Wow, we see a nice parabola, which means great success on our side.  
Once we weight the predictions as well, we are ready to submit and climb the LB to the top!

In [None]:
kaggle_sub = best_weight*lasso_submission + (1-best_weight)*LGBM_submission
# Save the output
output = pd.DataFrame({'Id': test.Id, 'SalePrice': kaggle_sub})
output.to_csv('my_submission.csv', index=False)
print('Your submission was successfully saved!')

# Conclusion
First of all, thank you for reading my notebook: feel free to leave a comment if something isn't clear, I'm always trying to improve!  

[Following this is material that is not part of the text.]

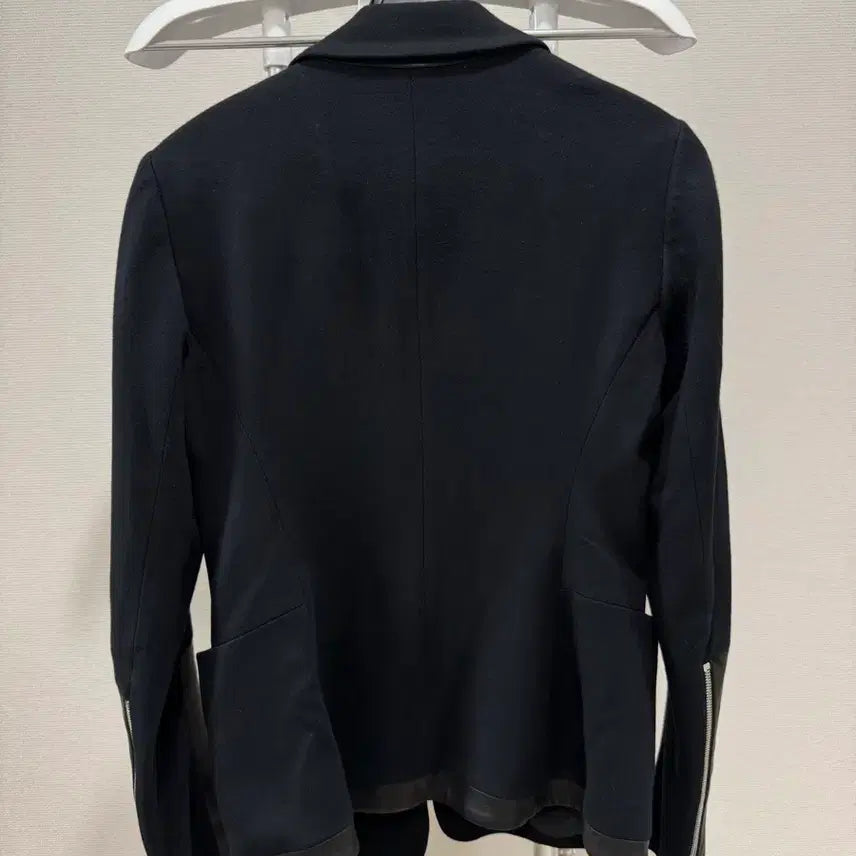 [BUNJANG] Theory Women's Blazer Jacket with Leather Sleeves / Theory 여성 블레이저 자켓 가죽소매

That being said, I am very happy to reach the top of the LB also in this competition: surely it is possible to lower the MSLE again by ensembling more models, but I think the simplicity and effectiveness of this solution are fascinating.  
Here is a histogram of House Prices LB scores in November 2020: you can see that our score of 0.11635 places between the orange and red line and it is pretty good (top 3%)! ![](attachment:HousePrices_LB.png)
As always, I learned a lot also from this experience, but now it's time to move on: see you in the next one and have a nice day!